Perhaps you find yourself wondering why you are here tonight.  Perhaps  you are moving beneath a cloud tonight.  Perhaps you wonder about yourself and God.  Be comforted; God’s story also begins with shadows and questions and fear and uncertainty.

I suppose there were many questions on this journey from Nazareth.

The makers of history are on the move; Emperor Augustus has placed himself at the center of the world issuing decrees.  Augustus is a Caesar, a master of all that he surveys.  He pulls the great levers of power.

In the ancient world some men were considered gods.  And some men considered themselves God.  In fact, today in Rome, there is an old crumbling stone.  It reads, “The birthday of the god has marked the beginning of the good news of the world.”

This stone does not celebrate the birth we celebrate tonight; rather this stone was raised by Roman senators celebrating the Pax Augustus, the great peace and prosperity brought about during the reign of Emperor Augustus.

The irony is that we don’t remember this Emperor because we are grateful for the peace that he secured for a political season.  The irony is that the living God is about to draw back the curtain on the imposters.  The irony is that we remember the Emperor because we celebrate a homeless child born on the edge of his empire. 

The would-be makers of history actually become the footnotes in the history written by God.  A sliver of light and beauty peeking through the empire’s armor.

At the feet of the winner, on the corner of his empire, where the great and powerful might feed their horses, in the forgotten place, a small corner of hay, grain, and dung, the unseen hand of heaven is very gently nudging the world. 

It is there that the unseen Mover – moves . . . and no one is really paying attention; no one is living with the appropriate situational awareness.

God delivers a Messiah who is not of the world’s own choosing; God comes to us as a child, so that we might learn how to become his children.  Out of the Father’s heart, this gift – while one man, an Emperor, is trying to wrap his arms around the world, and the other is coming to rule the world by being placed helplessly in its arms.

This baby is a “feather on the breath of God” in the words of Hildegard de Bingen.  He is a light and song at the feet of the world’s darkness and the decrees of the mighty.  For any who cannot or will not see God’s love, He will be the face of love;  he is the hand and feet for those who falling down through the cracks; he is the heart that breaks when our hearts grow cold; he shares tears with those who find that their tears are too heavy and too costly to give.

Being born and lying in the tiniest corner of the world, He is the gift that we cannot give to ourselves.  God has come for me, and for you, with the tiniest sliver of hope, light, beauty, and truth into a world covered in shadows.

Our Lord came down from life to suffer death;
the Bread came down, to hunger;
the Way came down, on the way to weariness;
the Fount came down, to thirst.
—Augustine, Sermon 78

At Christmas time there is a story that Paul Harvey used to share:

The man to whom I’m going to introduce you was not a scrooge, he was a kind decent, mostly good man.

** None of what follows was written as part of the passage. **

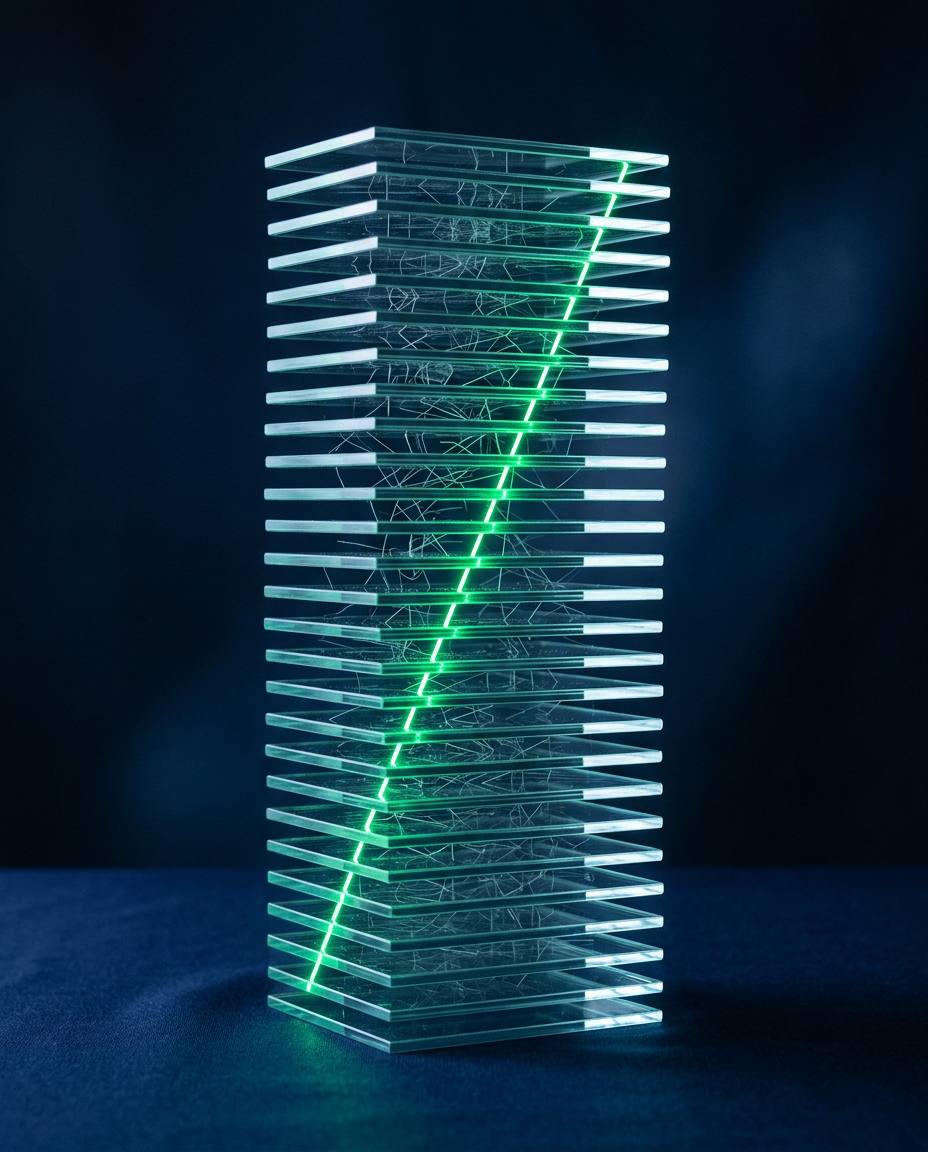 A stack of glass sheets aligned to reveal one glowing green upward line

Generous to his family, upright in his dealings with other men. But he just didn’t believe all that incarnation stuff which the churches proclaim at Christmas Time. It just didn’t make sense and he was too honest to pretend otherwise. He just couldn’t swallow the Jesus Story, about God coming to Earth as a man.

“I’m truly sorry to distress you,” he told his wife, “but I’m not going with you to church this Christmas Eve.” He said he’d feel like a hypocrite. That he’d much rather just stay at home, but that he would wait up for them. And so he stayed and they went to the midnight service.

Shortly after the family drove away in the car, snow began to fall. He went to the window to watch the flurries getting heavier and heavier and then went back to his fireside chair and began to read his newspaper. Minutes later he was startled by a thudding sound…Then another, and then another. Sort of a thump or a thud…At first he thought someone must be throwing snowballs against his living room window. But when he went to the front door to investigate he found a flock of birds huddled miserably in the snow. They’d been caught in the storm and, in a desperate search for shelter, had tried to fly through his large landscape window.

Well, he couldn’t let the poor creatures lie there and freeze, so he remembered the barn where his children stabled their pony. That would provide a warm shelter, if he could direct the birds to it.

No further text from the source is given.